■ **Material for this task**:
══════════════════════════════

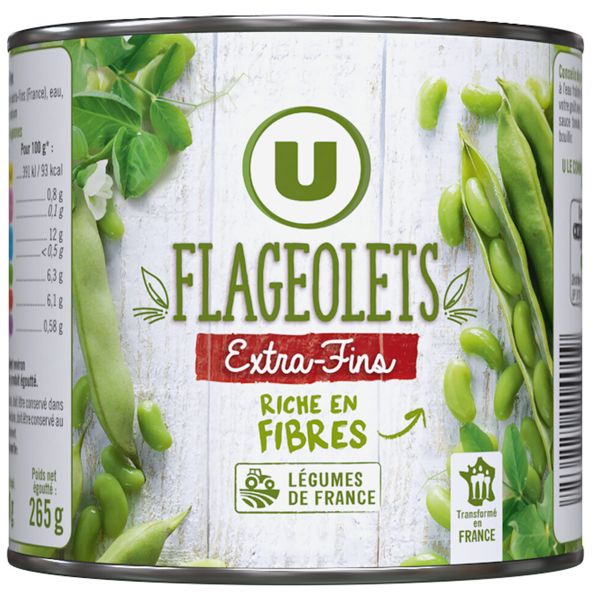 FLAGEOLETS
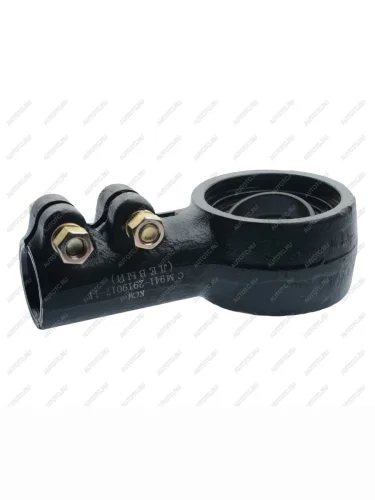 Наконечник МАЗ-9758 штанги реактивной полуприцепа левый СПЕЦМАШ СПЕЦМАШ 941-2919017-11-спецмаш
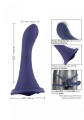 Her Royal Harness Me2 Thumper Blue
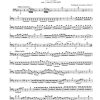 Mozart: Symphony D major (Cello, Kontrabas)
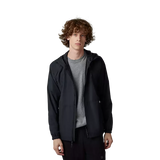 Fox Racing Base Over Windbreaker Jacket Black (30590-001)
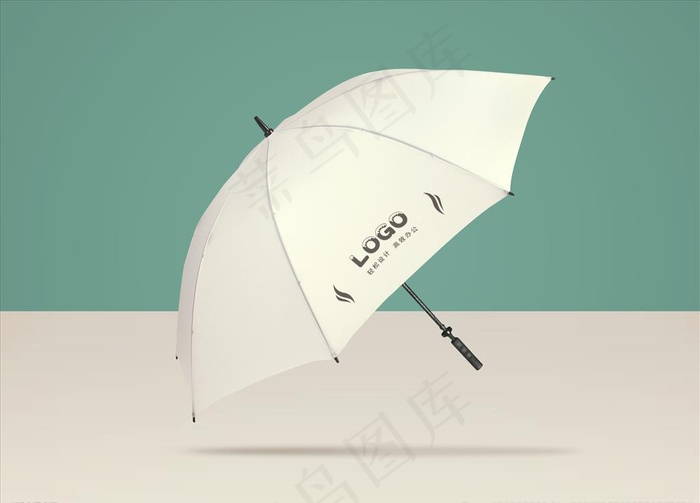 雨伞图片psd模版下载
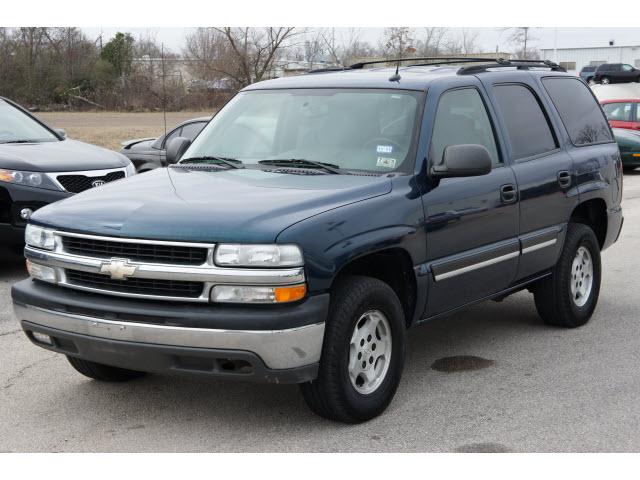 Photo of 2005 Chevrolet Tahoe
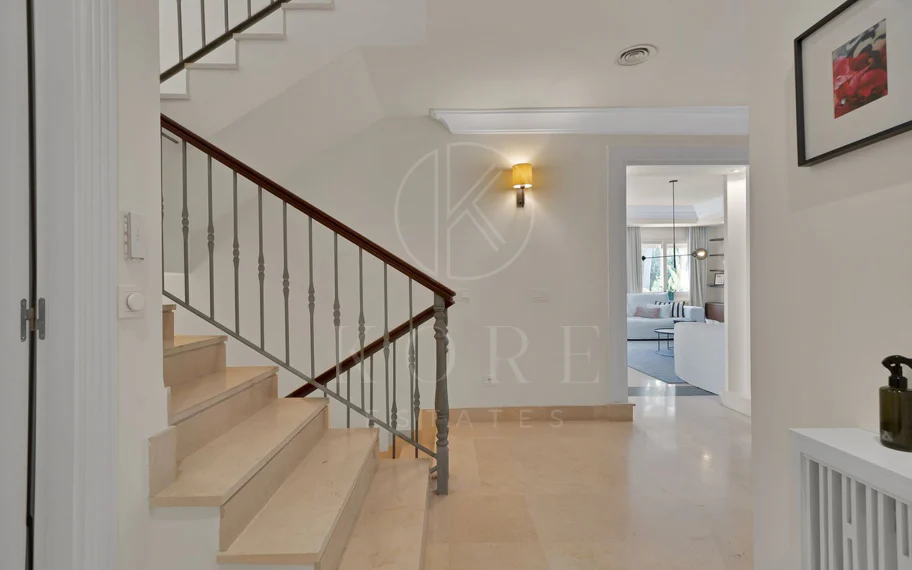 Villa en venta en Marbella - Puerto Banus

══════════════════════════════

■ **Required work**: Output the complete listing exactly as it appears, except for the images.

■ **Result of this task**:
 FLAGEOLETS
 Наконечник МАЗ-9758 штанги реактивной полуприцепа левый СПЕЦМАШ СПЕЦМАШ 941-2919017-11-спецмаш
 Her Royal Harness Me2 Thumper Blue
 Mozart: Symphony D major (Cello, Kontrabas)
 Fox Racing Base Over Windbreaker Jacket Black (30590-001)
 雨伞图片psd模版下载
 Photo of 2005 Chevrolet Tahoe
 Villa en venta en Marbella - Puerto Banus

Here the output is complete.